Proper levels of AtCTF7 are critical for proper plant growth and development with female gametophytes being most sensitive to changes in AtCTF7 activity. High level expression of NTAP:AtCTF7∆B results in pleiotropic defects in reproduction and vegetative growth. High levels of AtCTF7∆B may affect small RNA processing, which in turn appears to result in epigenetic alterations. These results indicate that CTF7 may play multiple roles in plant cells.

Methods

Plant material and growth conditions

Wild type Arabidopsis thaliana plants (ecotype Columbia), the SALK_059500 (ctf7-1) insertion line and all transgenic plants described in this report were grown in Metro-Mix200 soil (Scotts-Sierra Horticultural Products; http://www.scotts.com) in a growth chamber at 22°C with a 16-h-light/8-h-dark cycle as described [16]. T-DNA insertion and transgenic plants were genotyped by PCR with primer pairs specific for the T-DNA and wild-type loci.

Cloning procedures for construction of the transgenic plants

The AtCTF7∆B cDNA fragment (1–894 bp nucleotides, AtCTF7∆299–345) was digested with NdeI/HindIII and cloned into pIADL14 as described [16]. The 35S:NTAP:AtCTF7∆B construct was generated using Gateway-compatible binary vectors containing the NTAP tag ((NTAPi) [30]; a gift from Dr. Qinn Li lab, Miami Univeristy). AtCTF7∆B, 1–894 bp cDNA nucleotides, was first PCR-amplified with primers (1111/1201) and cloned into the pENTR vector, which was then fused with the binary vector by LR recombination reactions (Invitrogen) to make the final 35S:NTAP:AtCTF7∆B construct. 35S:AtCTF7∆B was generated by cloning the AtCTF7 cDNA (1–894 bp) as a NcoI/SpeI fragment into the binary vector pFGC5941. The 35S:NTAP:AtCTF7 construct was generated by the Gateway method with the corresponding primers. The AtCTF7 promoter (1.3 kb upstream of the ATG) was amplified, digested and cloned into the 35S:AtCTF7∆B construct. All the constructs were confirmed by DNA sequencing. The primers used are listed in Additional file 1: Table S4.

Each construct was mobilized into Agrobacterium tumefaciens strain AGL-1 and transformed into Arabidopsis thaliana using the floral dip method [70]. Transgenic plants were screened by BASTA and further confirmed by PCR.

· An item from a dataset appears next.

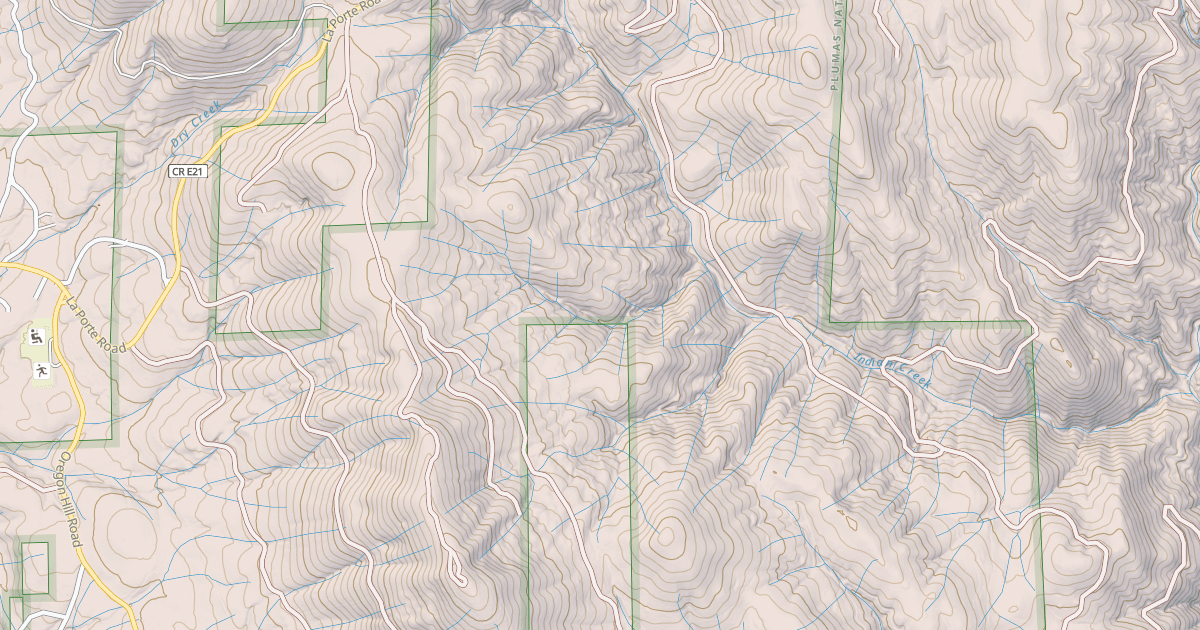 Map preview of PLANTATION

Quantitative real-time RT–PCR (qRT-PCR)

Buds of wild type and 35S:NTAP:AtCTF7∆B Line 11 4th generation plants were harvested and pooled separately. For 35S:NTAP:AtCTF7∆B samples, buds were only harvested from reduced fertile, non-dwarf plants or dwarf planys separately. Total RNA was extracted with the Plant RNeasy Mini kit (Qiagen, Hilden, Germany), and 10 μg of RNA was treated with Turbo DNase I (Ambion, http://www.invitrogen.com/site/us/en/home/brands/ambion.html) and used for cDNA synthesis with an oligo(dT) primer and a First Strand cDNA Synthesis Kit (Roche, http://www.roche.com). PCR was performed with the SYBR-Green PCR Mastermix (Bio-Rad, Hercules, CA, USA) and amplification was monitored on a MJR Opticon Continuous Fluorescence Detection System (Bio-Rad). Expression was normalized against β-tubulin-2. At least three biological replicates were performed, with two technical replicates for each sample. Student’s t-test was conducted to identify transcripts that exhibit statistically significant variation at the 95% confidence level. Sequences of primers used in these studies are presented in Additional file 1: Table S4.

Chromosome analysis

Pollen morphology and viability were compared in flowers of 35S:NTAP:AtCTF7∆B plants and wild-type plants using Alexander staining [71]. Male meiotic chromosome spreads were carried out on floral buds fixed in Carnoy’s fixative (ethanol:chloroform:acetic acid: 6:3:1) and prepared as described previously [72]. Chromosomes were stained with 4,6-diamino-2-phenylindole dihydrochloride (DAPI, 1.5 μg ml−1; Vector Laboratories, Inc. Burlingame, CA, USA) and observed with an Olympus BX51 epifluorescence microscope system. Images were captured with a Spot camera system (Diagnostic Instruments Inc., http://www.spotimaging.com) and processed. Meiotic stages were assigned based on chromosome structure and morphology [72].

Immunolocalization

SYN1 immunolocalization studies were carried out as previously described [31]. Primary antibodies for SYN1 were raised from rabbit and diluted 1:500. The slides were detected with Alexa Fluor 488 labeled goat anti-rabbit secondary antibody (1:2000; Molecular Probes, http://zt.invitrogen.com/). Slides were stained with DAPI and observed under an epifluorescence microscope.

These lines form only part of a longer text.